DAMON development mailing list
 help / color / mirror / Atom feed
* [PATCH v2 0/5] mm/damon: add mTHP collapse and split actions
@ 2026-07-01 11:47 wang lian
  2026-07-01 11:47 ` [PATCH v2 1/5] mm/damon: add target_order field for DAMOS_COLLAPSE wang lian
                   ` (5 more replies)
  0 siblings, 6 replies; 15+ messages in thread
From: wang lian @ 2026-07-01 11:47 UTC (permalink / raw)
  To: damon, linux-mm
  Cc: linux-kernel, sj, gutierrez.asier, daichaobing, lianux.wang,
	Wang Lian

From: Wang Lian <lianux.mm@gmail.com>

This series gives DAMOS two order-aware folio actions so that an
access-aware policy can manage memory at mTHP granularity: a
target_order field for the existing DAMOS_COLLAPSE, and a new
DAMOS_SPLIT action.  The kernel provides the mechanism; deciding
which specific address ranges to act on is left to user space and
expressed through the existing DAMOS address filter.

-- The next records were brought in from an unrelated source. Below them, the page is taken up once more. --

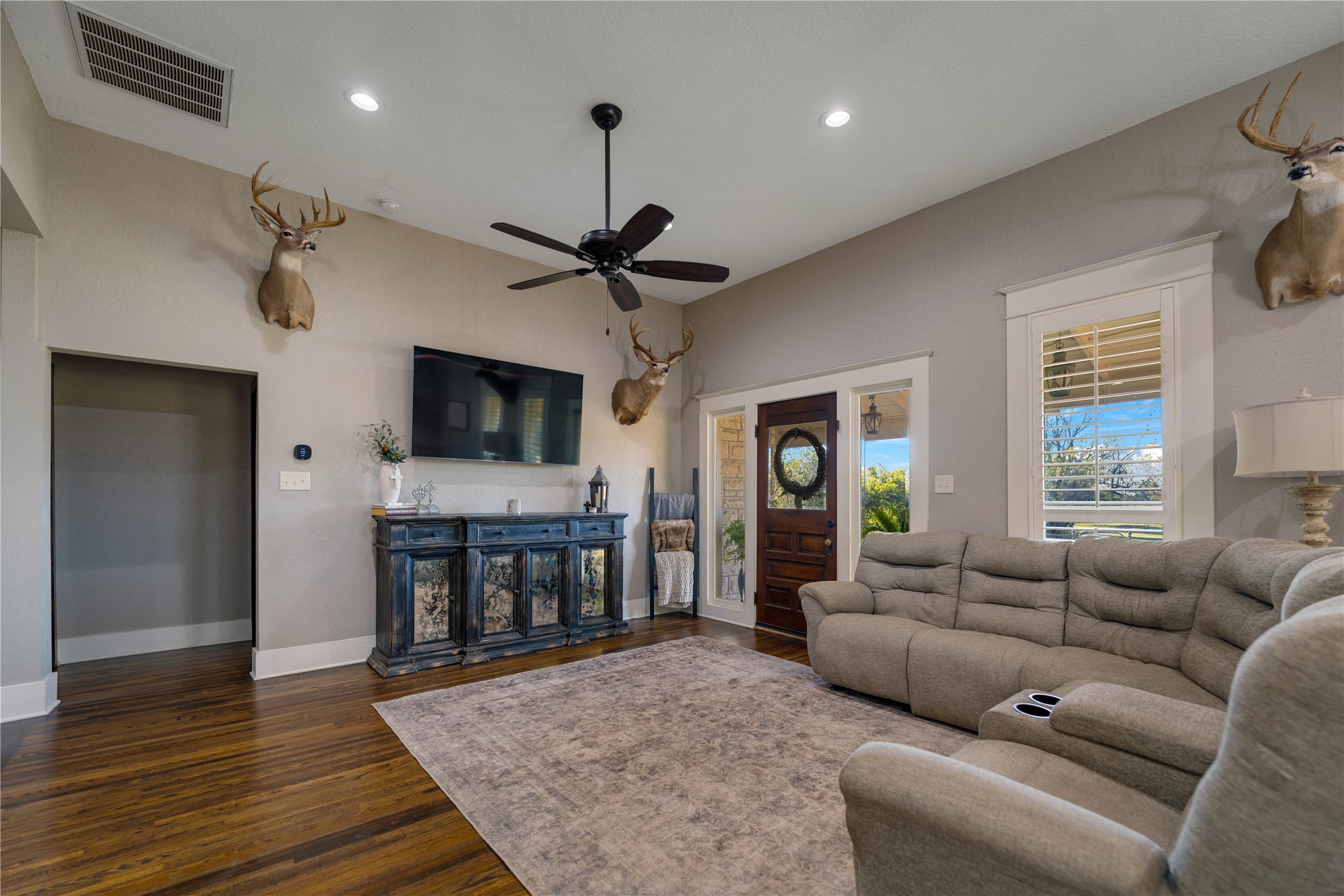 8323 East State Highway 29 Georgetown, TX 78626 - Photo 14 of 39 a living room with furniture and a flat screen tv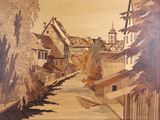 une photo d'un tableau représentant une rue d'un village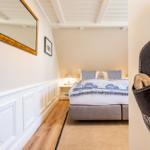 Schlafzimmer mit Bett, Spiegel und Holzboden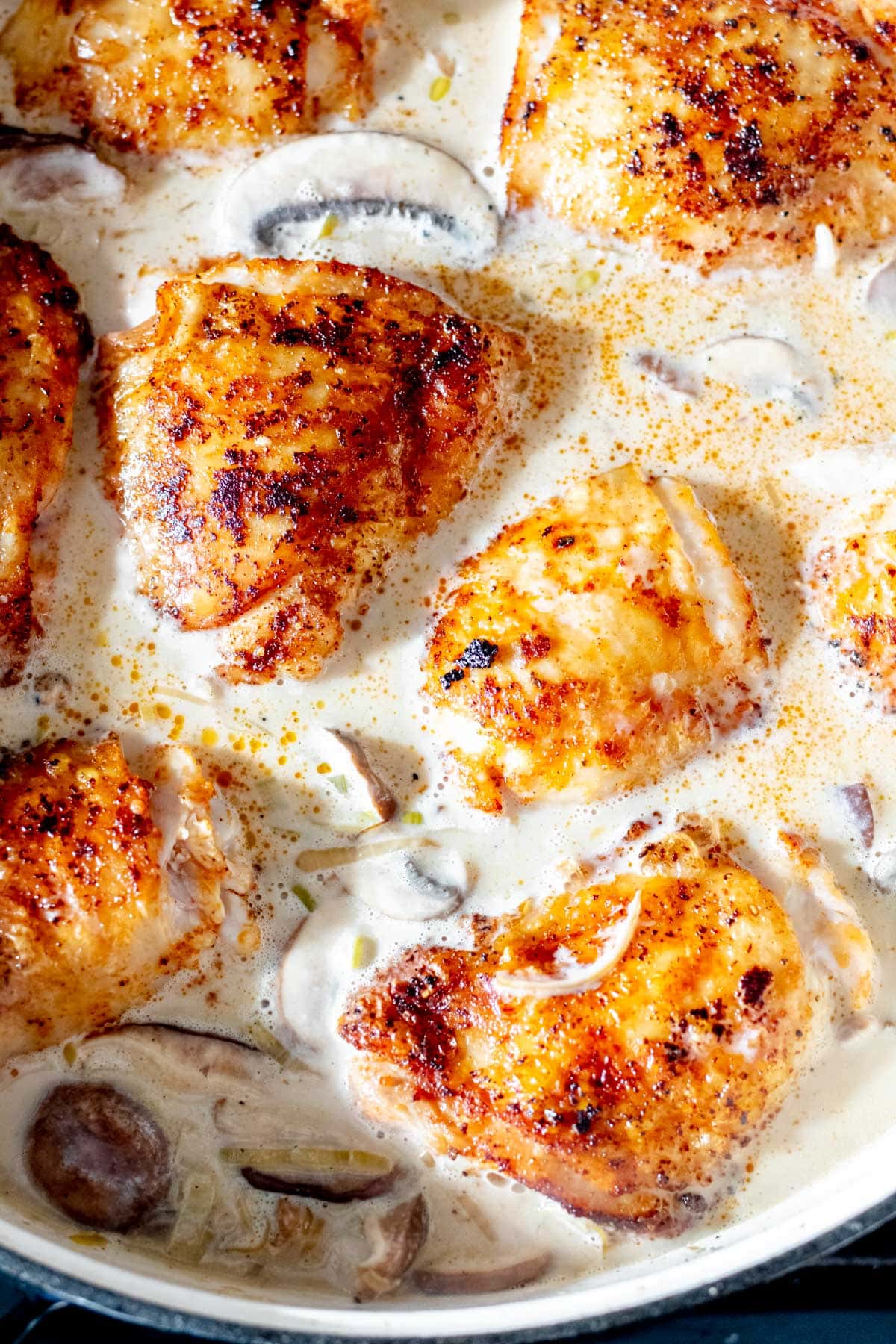 seasoned chicken breasts simmering in sauce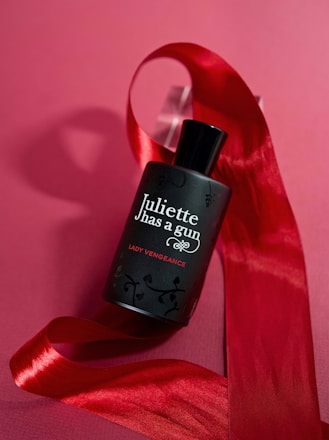 a bottle of perfume sitting on top of a red ribbon
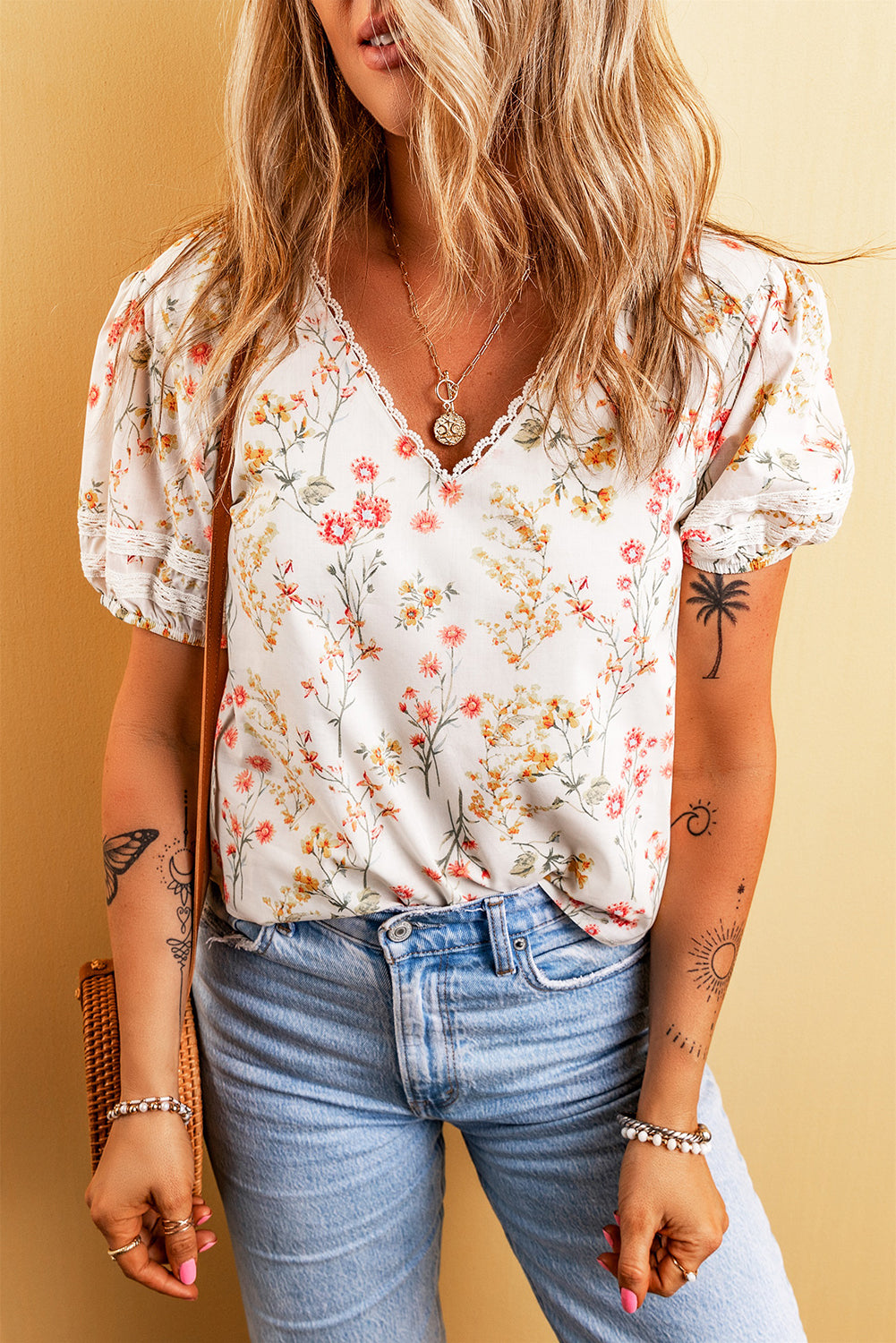 Beige Boho Floral Lace Trim Short Sleeve BlouseMaterial:100%Polyester

• Embrace bohemian chic with this blouse, featuring intricate lace details that add a touch of elegance to your look.
• The V-neck design o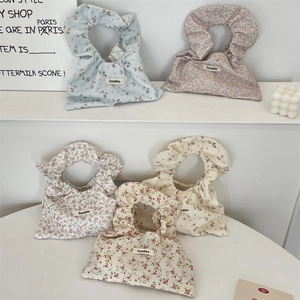 Close-up of assorted floral cotton handbags with pleated handles in five colors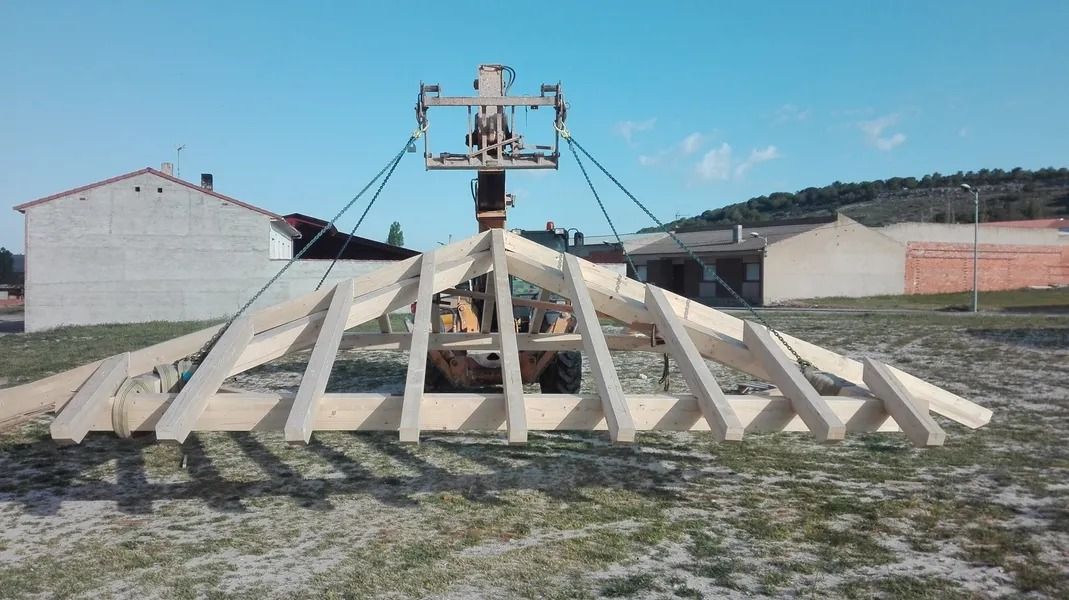 Una gran estructura de madera está siendo levantada por una grúa.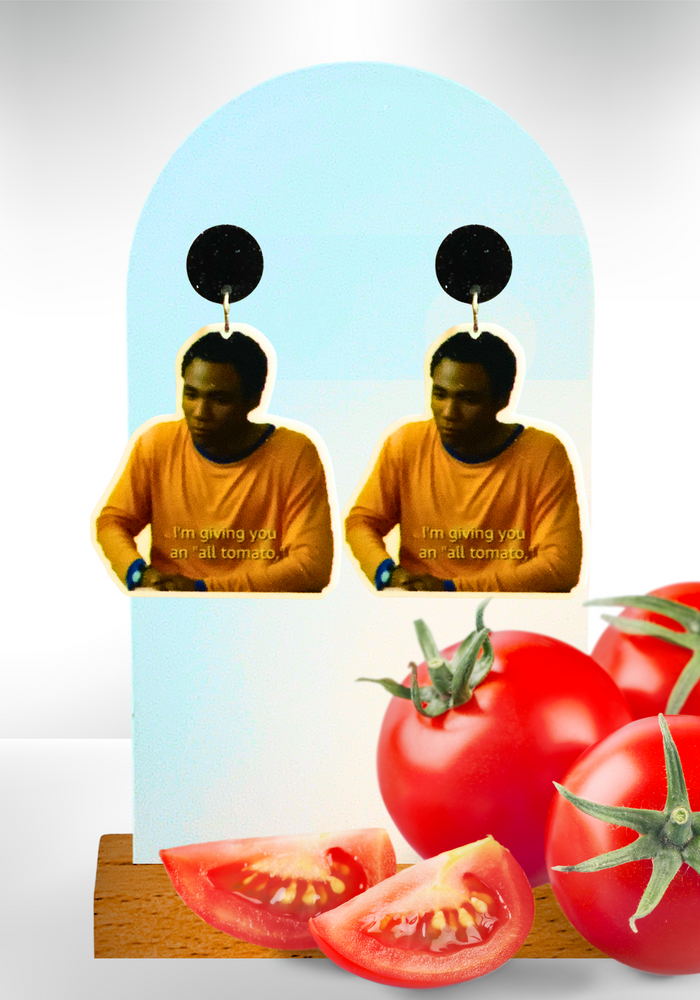 Earrings on a white background with tomatoes in front featuring Troy Barnes from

v1: https://lore.kernel.org/linux-mm/20260618094838.32805-1-lianux.mm@gmail.com/

Changes since v1

 - Rename DAMOS_MTHP_SPLIT -> DAMOS_SPLIT for naming consistency with
   the existing actions (per SJ's review).
 - Drop the per-scheme hot_threshold field.  Hotness policy does not
   belong in the kernel; target selection now lives in user space and
   is expressed to DAMOS via the address filter (per SJ's review).
 - Drop the v1 SPE debugfs patch entirely.  debugfs is not the right
   interface for a feature, and the SPE profiler belongs in user space
   (see "User-space target selection" below).  v2 is kernel mechanism
   only: 5 patches.
 - Decouple T1 (a lab observation) from T2 (the production issue), and
   correct the architecture claim: ptep_test_and_clear_young() skips
   the TLB flush on both x86_64 and arm64, so the blind spot is
   architecture-independent rather than arm64-only.
 - Terminology: avoid "stale TLB".  A valid TLB entry is doing its
   job; the point is only that it lets the CPU satisfy a translation
   without a page-table walk, so the Accessed bit cleared by DAMON is
   not re-set.

Background

Two effects degrade DAMON's PTE-Accessed-bit (AF) signal once THP is
in play.  Both are described here as motivation only; this series does
not change the AF monitoring path.

T2 -- PMD-granularity inflation (production issue)

A 2MB THP is tracked by a single PMD-level Accessed bit.  One access
to any 4KB sub-page sets the AF for the whole 2MB, so DAMON reports
the entire THP as hot and cannot distinguish a genuinely hot 2MB
region from a 2MB region with a single hot 4KB page.  Cold memory
hides inside "hot" THPs, and access-driven pageout/migration becomes
coarse.

This is the workload that drove the work: Sangfor's Kunpeng 920 KVM
hosts running Oracle.  ARM SPE sampling of that workload shows 94.6%
of THPs have fewer than 10% of their sub-pages actually accessed.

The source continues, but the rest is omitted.